PDP decision pipeline

This page traces a single decision from DecisionQuery to Decision, so you know exactly where each
behavior lives. The engine is NativeSqlEngine in src/Domain/Authorization/Pdp/.

The full lifecycle

sequenceDiagram participant C as Caller participant E as NativeSqlEngine participant Cat as Catalog (applied manifest) participant Cond as ConditionEvaluator participant Rel as Relation resolver participant Aud as Audit C->>E: decide(DecisionQuery) E->>E: scope to organizationId (tenant) E->>Cat: resolve subject roles → permission closure (RBAC) E->>Cond: evaluate declared conditions vs context (ABAC) E->>Rel: traverse (subject, relation, object) bounded (ReBAC) E->>E: combine under deny-overrides E->>E: step-up check (currentAal vs requiredAal) E->>E: assemble explanation + decisionId E-->>C: Decision E->>Aud: decision recorded (decisionId)

Stage 1 — intake & tenant scope

The query is bound to organizationId. From here every lookup is filtered to that tenant — a cross-tenant
subject or resource is simply not in scope.

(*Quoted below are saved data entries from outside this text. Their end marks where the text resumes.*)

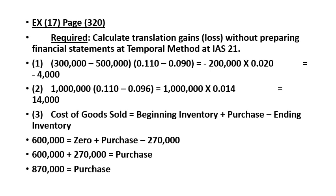Step two: sales times the current rate minus the historical rate. Sales are 1,000,000. The current rate at December 31, year one is 0.110, minus the average rate of 0.096. The result is 1,000,000 times 0.014, which equals 14,000.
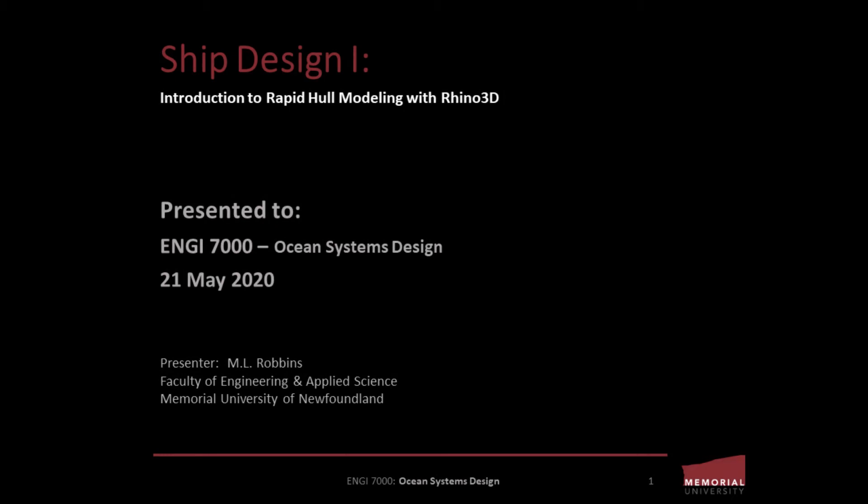Hello and thanks for joining us. This is part of a tutorial created for students studying in the Ocean and Naval Architectural Engineering discipline at Memorial University of Newfoundland's Faculty of Engineering and Applied Science in St. John's, Newfoundland, Canada.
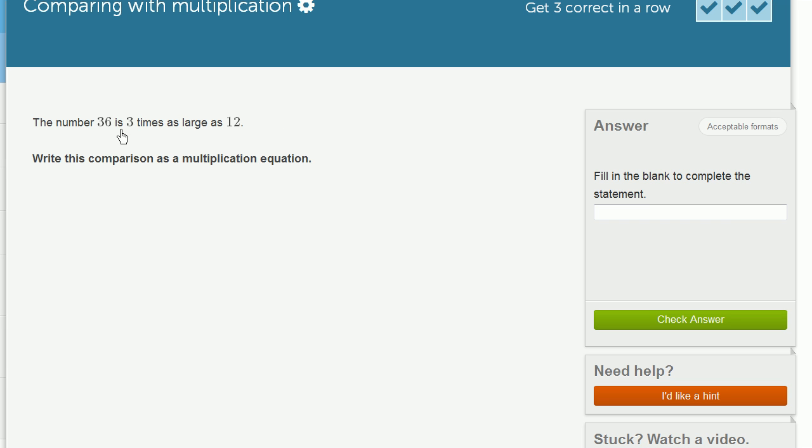The number 36 is 3 times as large as 12. Write this comparison as a multiplication equation.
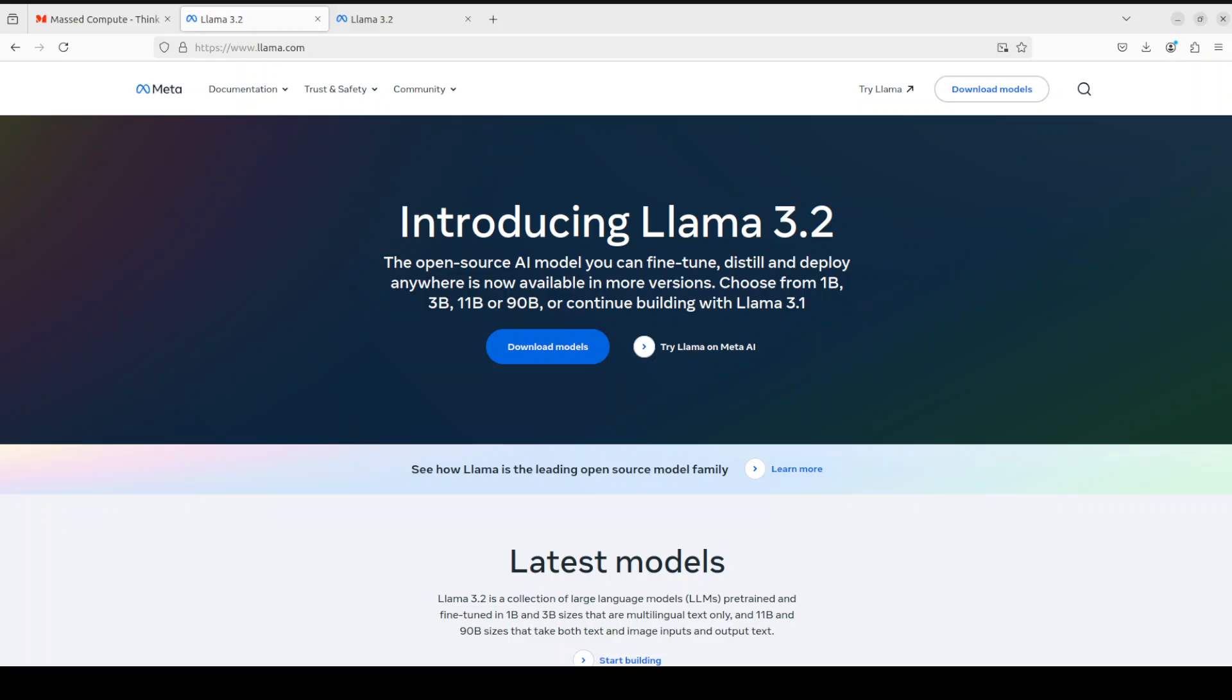Llama 3.2 was pre-trained on up to 9 trillion tokens of data from publicly available sources. For the 1 billion and 3 billion Llama 3.2 models, they incorporated logits from the Llama 3.1 8 billion and 70 billion models into the pre-training stage of model development, where output logits from these larger models were used as token-level targets. Knowledge distillation was also used after pruning to recover performance.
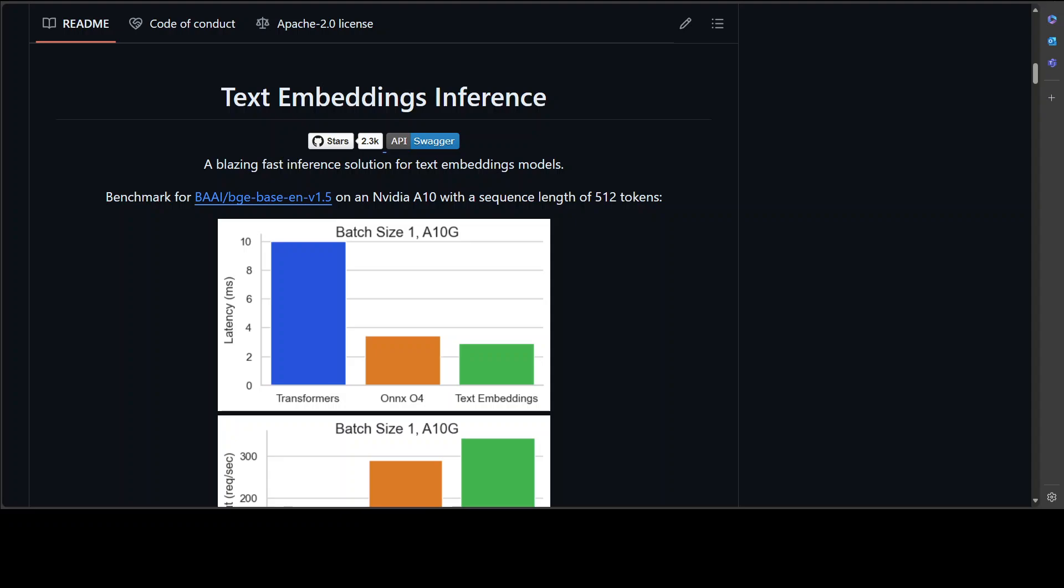Hello guys, in this video we're going to have a look at this text embedding inference library from Hugging Face. This library is extremely useful if you're looking to implement your own RAG pipeline. RAG stands for retrieval augmented generation, and in simple words, what RAG does is it gives more context to the large language models of your own custom personal data.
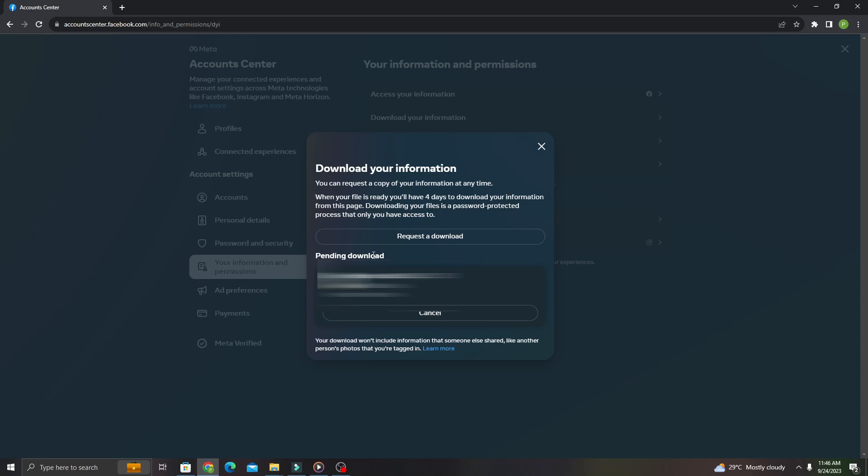It says here pending download and we just have to wait for the notification from Facebook before we can download the files. It should take roughly three to five minutes for the notification to pop up.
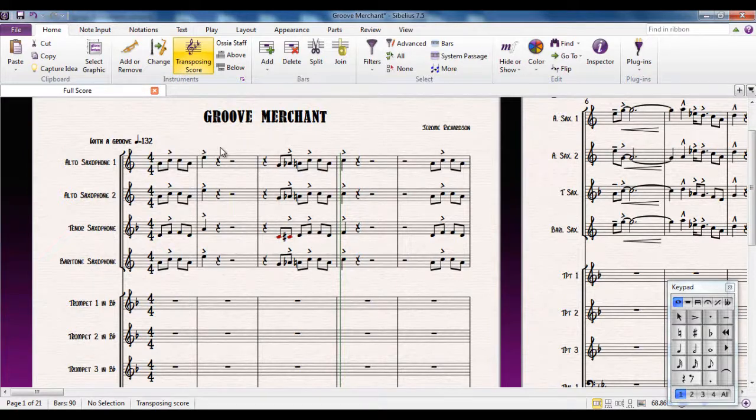I have here a big band piece called Groove Merchant by Jerome Richardson. Let's have a listen to the start of it, just so you can get the sound of it in your head.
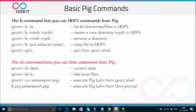The SH command lets you run Unix statements from Pig. From the Grunt shell, you can type SH date and it will print the current date, and SH LS will list the local files. Running a script will execute Pig Latin from the Grunt shell, and providing Pig with a script file executes Pig Latin from the Unix prompt.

Malformed input (unknown permission shape, bad subject ref) is a
fail-closed deny here, not an exception.

Stage 2 — RBAC role closure

The engine resolves the subject’s roles (direct + inherited) into a permission set — the closure
R(s)R^{*}(s) from Authorization models. If the requested permission slug is
in the closure, RBAC contributes a permit candidate.

Stage 3 — ABAC conditions

For a permission carrying a declared condition, ConditionEvaluator checks it against the query
context. A failing condition withholds the permit and is recorded in Decision::$failedConditions. Only
declarative comparisons are supported — there is no arbitrary code execution in a condition.

Stage 4 — ReBAC traversal

If the query carries a relation + resourceRef, or the permission binds a relation, the relation resolver
walks the graph in iam_relations — direct, group nesting, resource hierarchy (parent), relation
implication — bounded by a depth + cycle guard. Exceeding the bound is a deny surfaced in the
explanation. Full detail in ReBAC relationships.

Stage 5 — combine under deny-overrides

The three models’ verdicts combine with deny-overrides: any explicit deny wins; otherwise any permit
allows; otherwise default-deny. This is monotone in deny — see
Deny-overrides & fail-closed.

Stage 6 — step-up

If the granting policy requires a higher AAL than currentAal, the engine returns allowed = false with
requiresStepUp = true and requiredAal. The grant exists; the proof is insufficient. See
Assurance levels.

Stage 7 — explanation, decisionId, audit

The engine assembles a Decision:

  • decisionId — a stable id to cite in your audit log.
  • policyVersion — which applied-manifest version decided.
  • matched — the {type, key} policies that fired.
  • failedConditions — ABAC conditions that did not hold.
  • explanation — human-readable, populated when explain: true.

The decision is recorded into the hash-chained audit so the answer is
later provable.

Two entrypoints, one pipeline

public function decide(DecisionQuery $q): Decision;          // native, typed
public function check(array $query): array;                  // AuthorizationEngine contract (wire/SDK)
public function listSubjects(string $relation, string $objectType, string $objectId): iterable;
public function listResources(SubjectRef $subject, string $relation): iterable;

decide and check run the same evaluation; listSubjects/listResources answer the ReBAC reverse-index
(“who can access R?” / “what can S access?”).

Every stage fails closed

Each stage either contributes a verdict or, on error/missing data, contributes nothing and lets default-deny
stand — never an allow. There is no stage whose failure widens access.